*WORK REQUIRED*. Each line of the records must appear in your answer exactly, with no pictures.

[Short web captions]
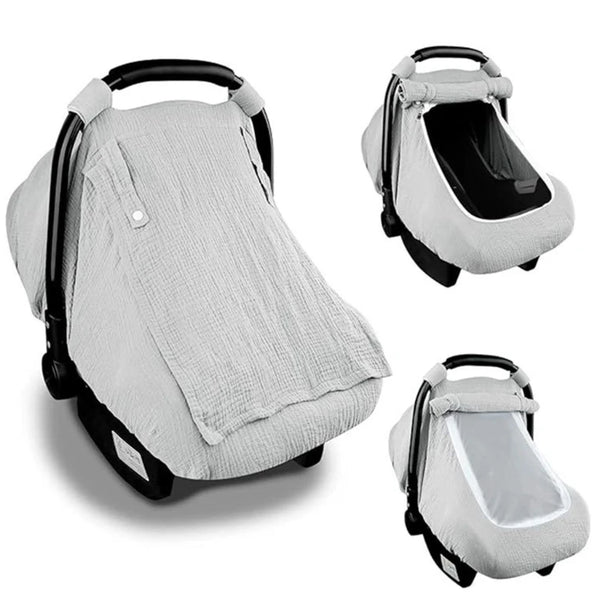 2-in-1 Baby Car Seat Cover with Sun Shade and Mosquito Net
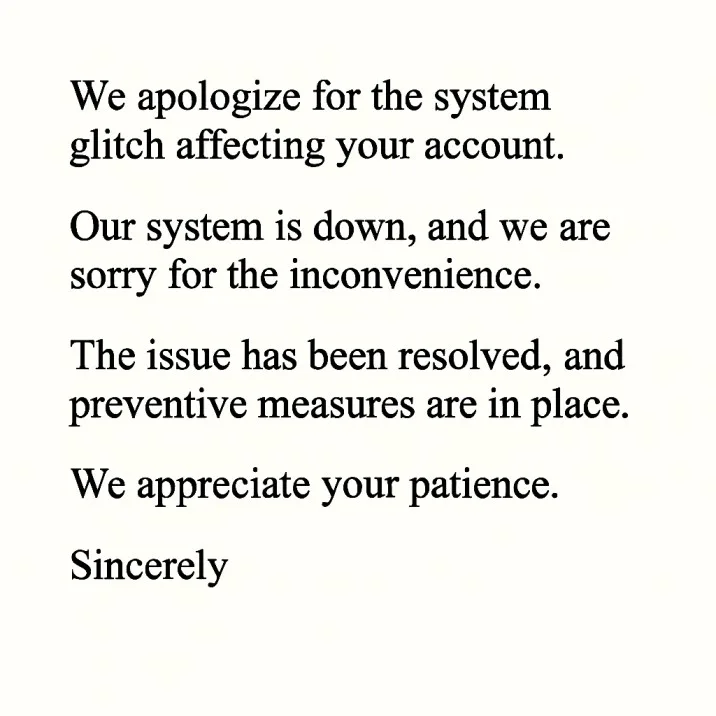 Customer apology letter example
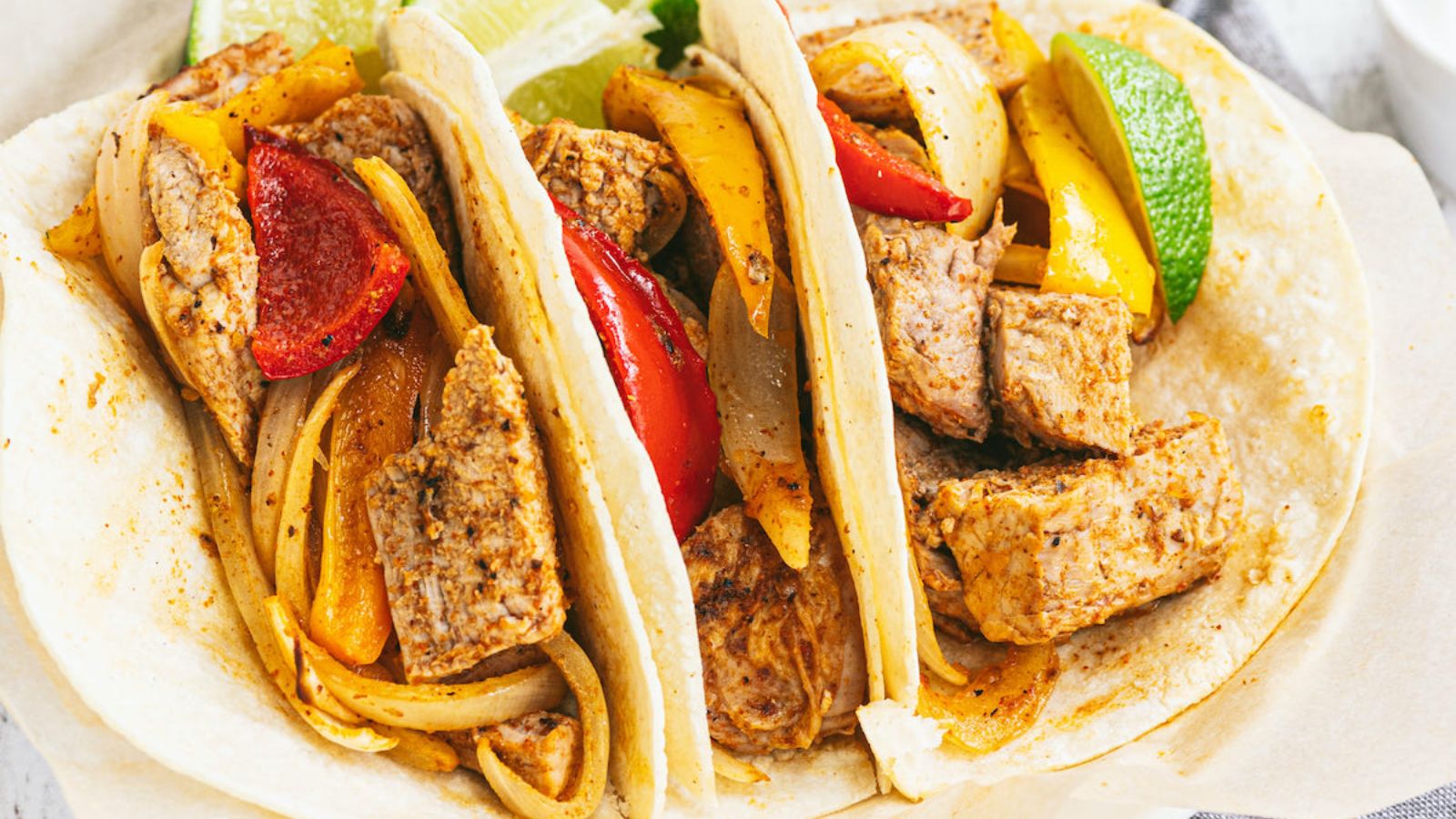 Pork loin fajitas close up.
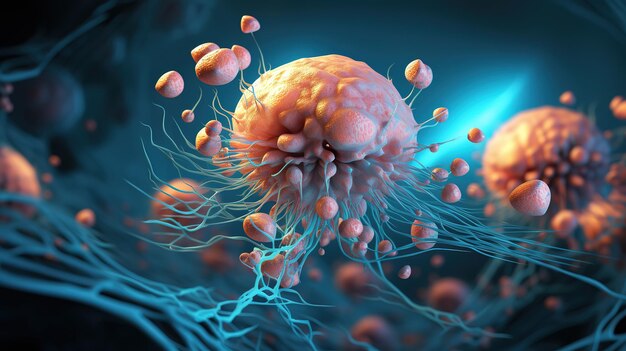 Дизайн плаката для рака яичников у человека в организме человека Generative Ai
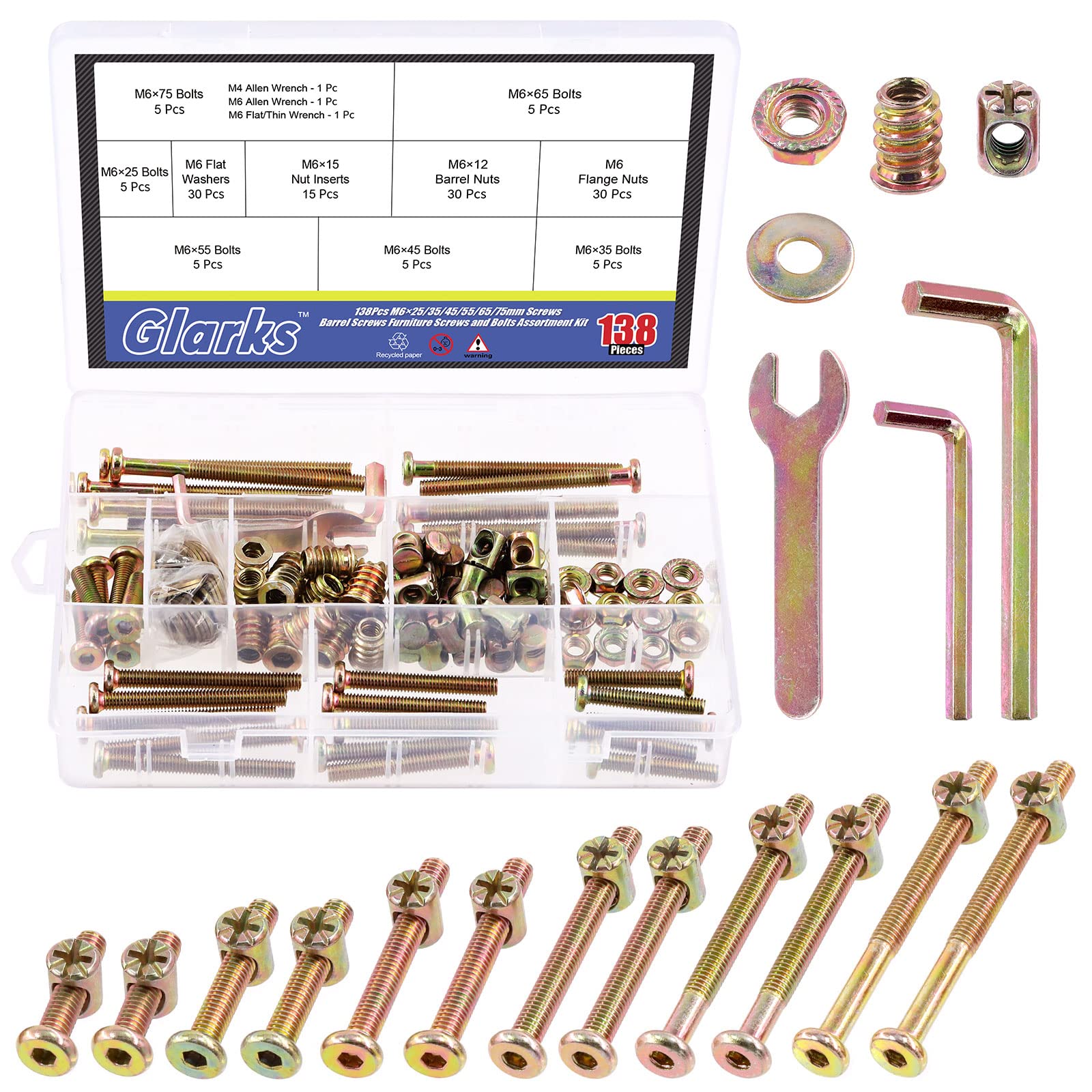 Glarks M6 Baby Crib Screws Kit with Nuts & Washers for Furniture Repair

*ANSWER BOX*.
 2-in-1 Baby Car Seat Cover with Sun Shade and Mosquito Net
 Customer apology letter example
 Pork loin fajitas close up.
 Дизайн плаката для рака яичников у человека в организме человека Generative Ai
 Glarks M6 Baby Crib Screws Kit with Nuts & Washers for Furniture Repair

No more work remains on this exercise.